Telle est l’ambiguïté, grandiose, de ce chef-d’œuvre, coup de tonnerre, assurément, dans le ciel morne de la médiocrité littéraire ambiante. Dans l’excellent dossier consacré à l’écrivain par Le Matricule des Anges (n° 139, janvier 2013), on peut lire cette réponse de Stefánsson à une question de Thierry Guichard sur la « dimension chamanique » de son travail : « Pendant mon enfance, du plus loin que je me souvienne, il est évident pour moi que les vivants cohabitent avec les morts. Ma femme a vu plusieurs fois des visages lui apparaître comme ça. Sa mère a vu plus de morts que de vivants… (…) Dois-je croire ce qu’elles racontent ou dois-je les envoyer chez un psychiatre ? »

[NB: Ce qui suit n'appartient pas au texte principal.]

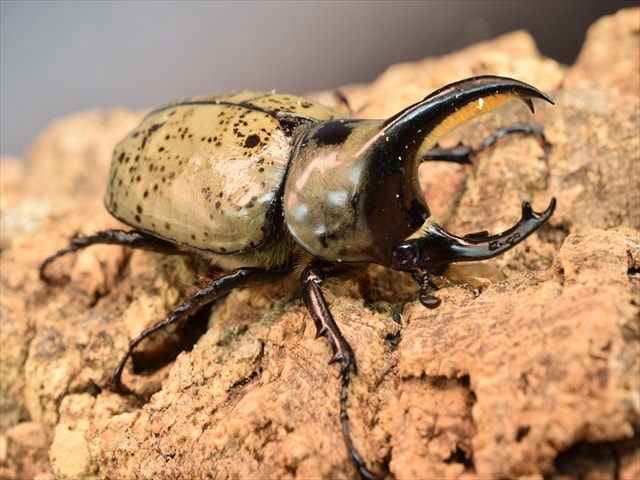 カブトムシ クワガタムシ 昆虫専門店｜極
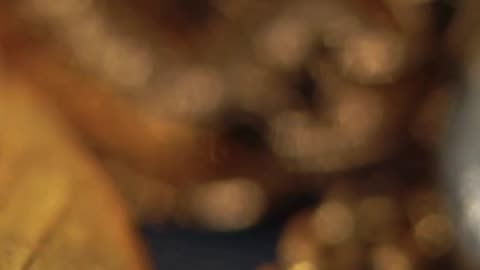 आज की 20 बड़ी खबरें | Today Breaking News | Hindi News Reels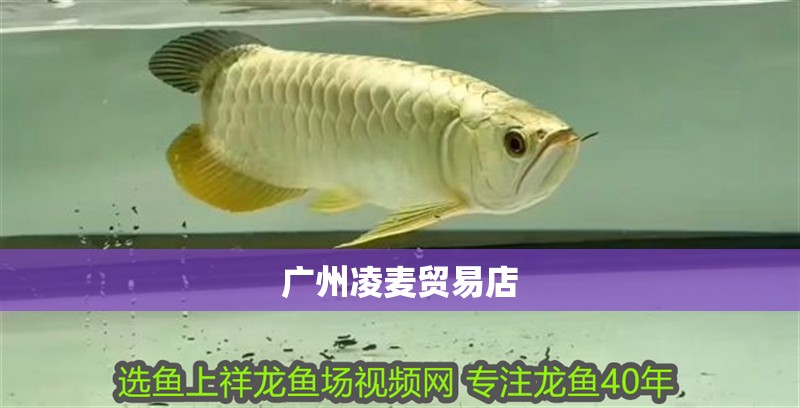 廣州凌麥貿(mào)易店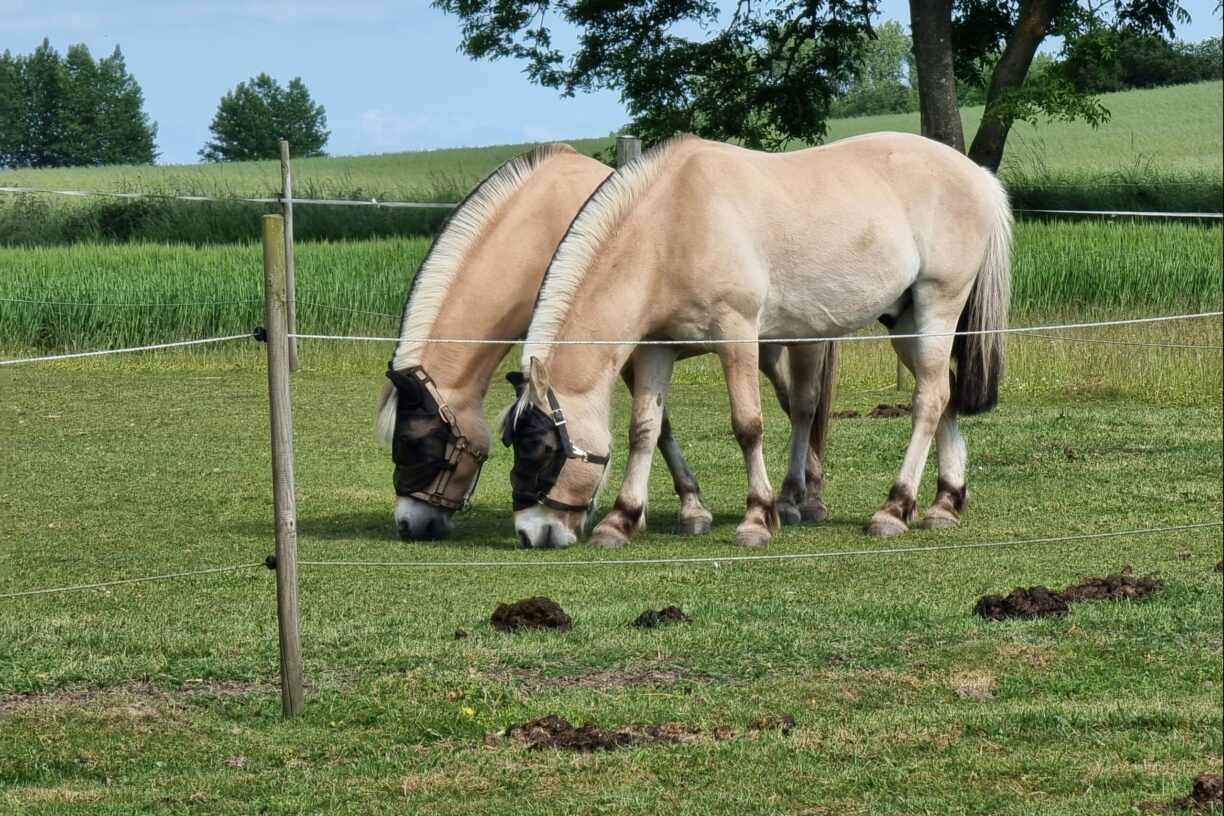 Boeslunde Camping - Bild 2 Boeslunde Camping - Bild 2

Boutade significative. L’auteur est un homme d’aujourd’hui, marqué de plus par un enseignement chrétien qui prétend à la raison depuis Saint Thomas d’Aquin, et cela en dépit des contradictions insurmontables auxquelles le parti pris rationaliste de celui-ci confronte la foi du charbonnier, si nécessaire pourtant à qui veut gagner le royaume des cieux. Il ne saurait donc ajouter foi à « ces conneries ». Mais comment un Islandais, si proche en cela d’un Japonais, pourrait-il ne pas être animiste ? Les soubresauts d’une terre volcanique, le vent furieux, la neige, la mer, la pluie, le froid, sont pour lui plus que des forces, des divinités derrière lesquelles s’embusque, avide, la mort omniprésente.

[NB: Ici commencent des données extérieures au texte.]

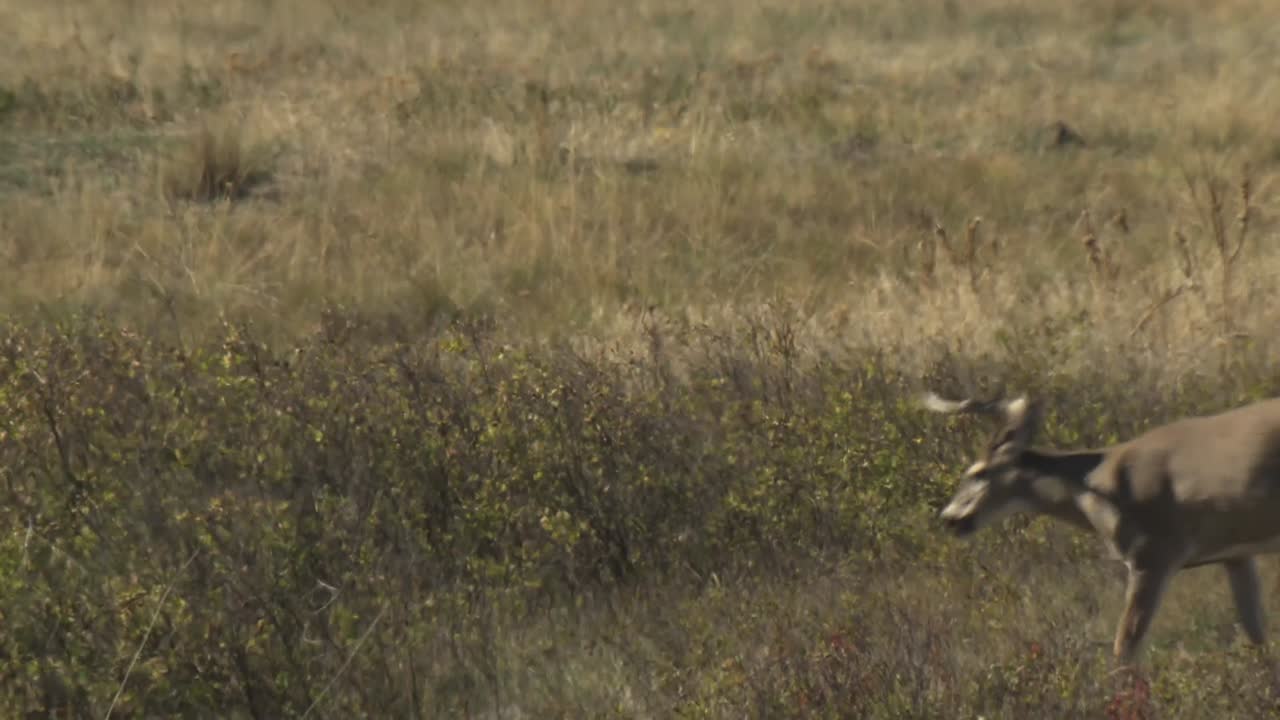 dos ciervos de cola blanca (odocoileus virginianus) ciervos alces (cervus canadensis) toro con varias hembras rango nacional de bisontes montana 2015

Ainsi, la puissance de cet ensemble romanesque formidable repose-t-il en partie sur le mélange, en un dosage subtil, de la peinture la plus concrète des choses et des événements de ce monde – gestes précis des hommes qui rament et qui pêchent le cabillaud ; gestes des femmes qui cassent la glace, de grand matin, pour y plonger leurs mains rougeaudes, éventrer et laver le poisson, l’étendre en été sur l’herbe, le sécher, le saler, le transformer en morue exportable ; occupations répétitives des pauvres fermiers de l’extrême Nord, confinés dans leurs maisons de tourbe enfouies l’hiver sous un fardeau de neige gelée ; bagarres des marins en goguette, saouleries, viols – et d’un fantastique souffle poétique issu des profondeurs de la nature, des profondeurs aussi, infinies même chez les rustres, de l’âme des hommes.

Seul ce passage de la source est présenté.